### Task statement
Your output should be the lines below from the one holding "Lot de 4 chaises" through the one holding "Casual Street Wear", transcribed exactly, with no pictures.

### Extracted entries
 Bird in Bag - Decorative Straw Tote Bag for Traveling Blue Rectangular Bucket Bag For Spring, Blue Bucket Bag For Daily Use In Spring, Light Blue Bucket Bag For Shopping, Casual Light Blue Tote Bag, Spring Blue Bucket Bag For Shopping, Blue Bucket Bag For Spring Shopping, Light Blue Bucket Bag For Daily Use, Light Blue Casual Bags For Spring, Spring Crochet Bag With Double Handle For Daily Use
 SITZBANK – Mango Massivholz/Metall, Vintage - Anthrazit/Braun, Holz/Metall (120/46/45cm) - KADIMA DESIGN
* * *
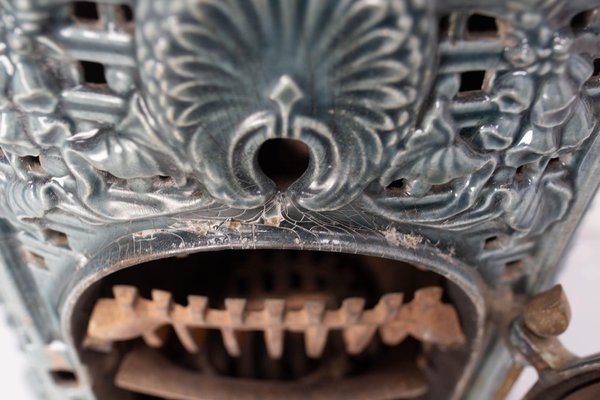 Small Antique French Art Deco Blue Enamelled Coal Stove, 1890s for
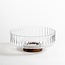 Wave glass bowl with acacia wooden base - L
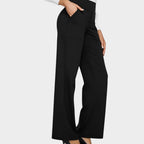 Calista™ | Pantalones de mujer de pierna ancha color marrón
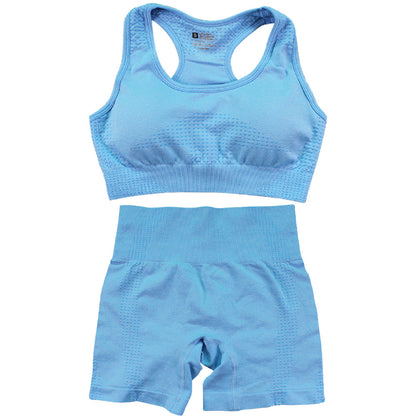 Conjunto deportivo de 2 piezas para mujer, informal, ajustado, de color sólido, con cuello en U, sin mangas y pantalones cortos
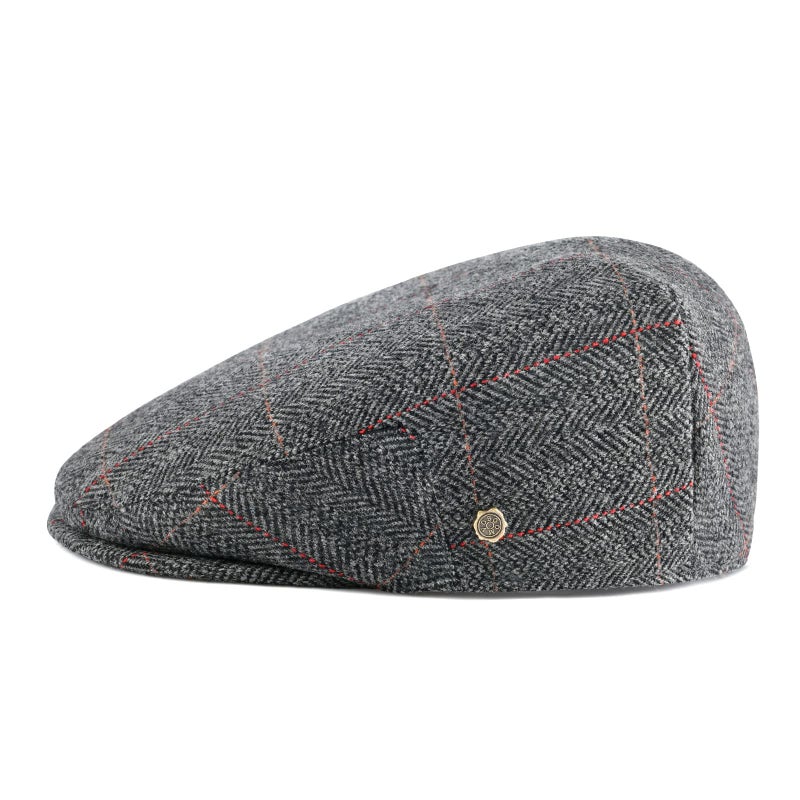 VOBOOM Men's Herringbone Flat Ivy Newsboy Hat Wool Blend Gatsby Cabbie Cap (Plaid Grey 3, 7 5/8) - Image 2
...
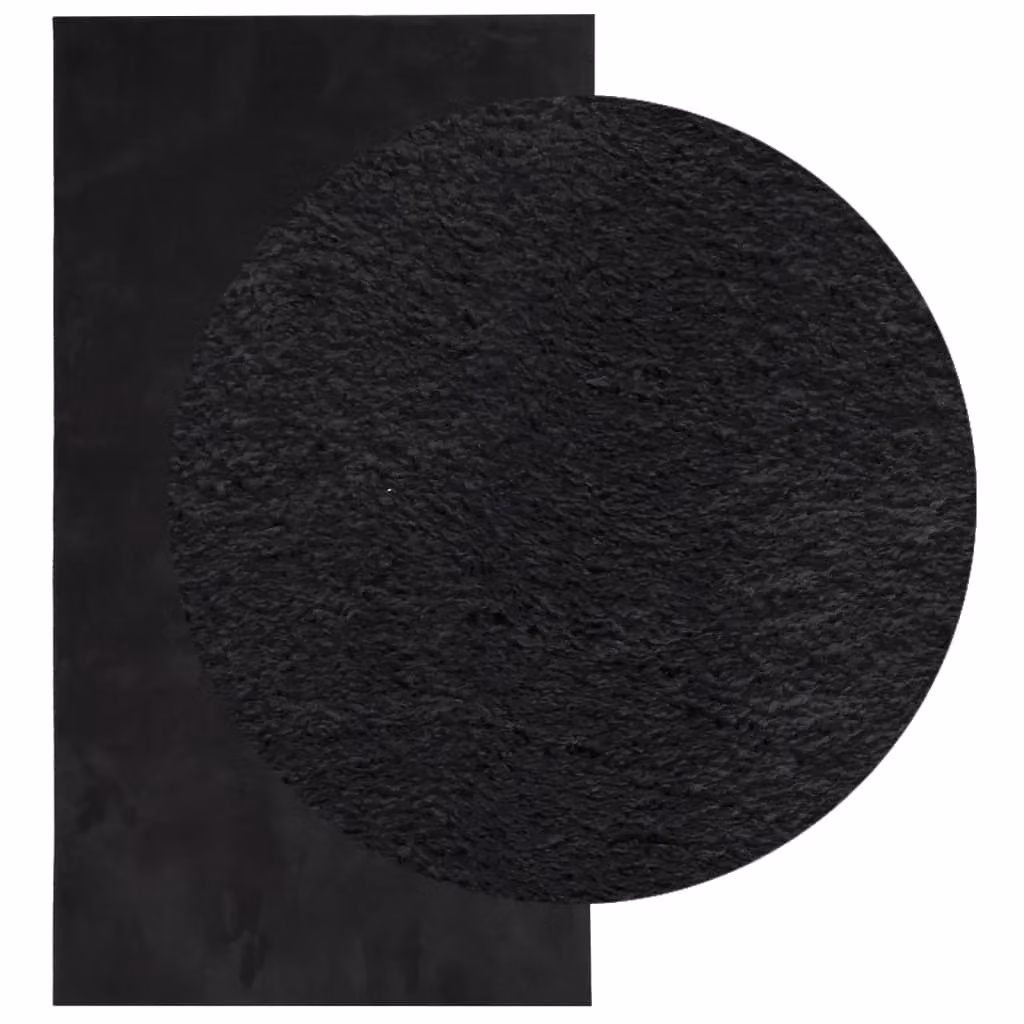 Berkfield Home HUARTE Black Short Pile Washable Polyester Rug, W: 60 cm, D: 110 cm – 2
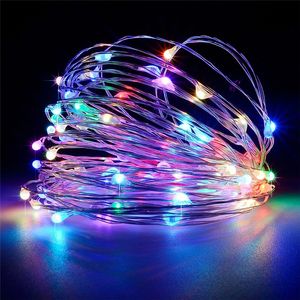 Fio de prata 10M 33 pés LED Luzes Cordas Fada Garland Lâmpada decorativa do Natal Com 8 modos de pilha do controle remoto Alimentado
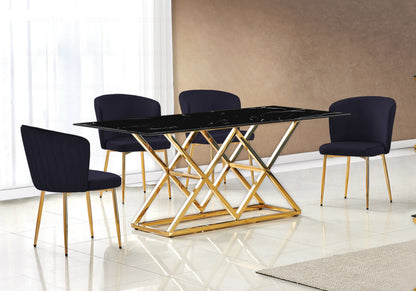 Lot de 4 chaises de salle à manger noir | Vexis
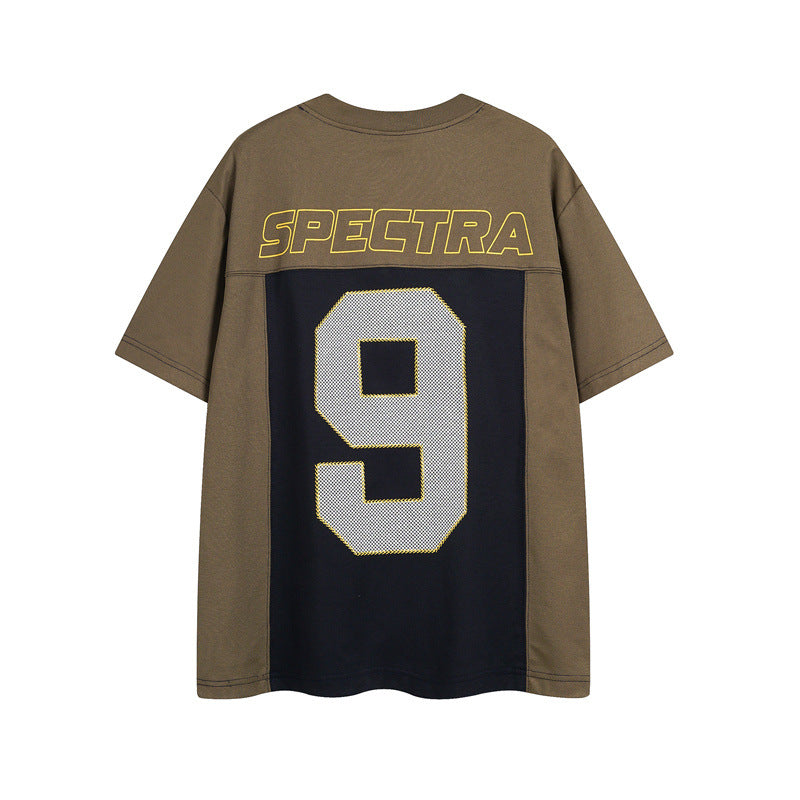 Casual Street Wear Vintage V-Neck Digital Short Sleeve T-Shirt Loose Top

### Written reply
 Lot de 4 chaises de salle à manger noir | Vexis
 Casual Street Wear Vintage V-Neck Digital Short Sleeve T-Shirt Loose Top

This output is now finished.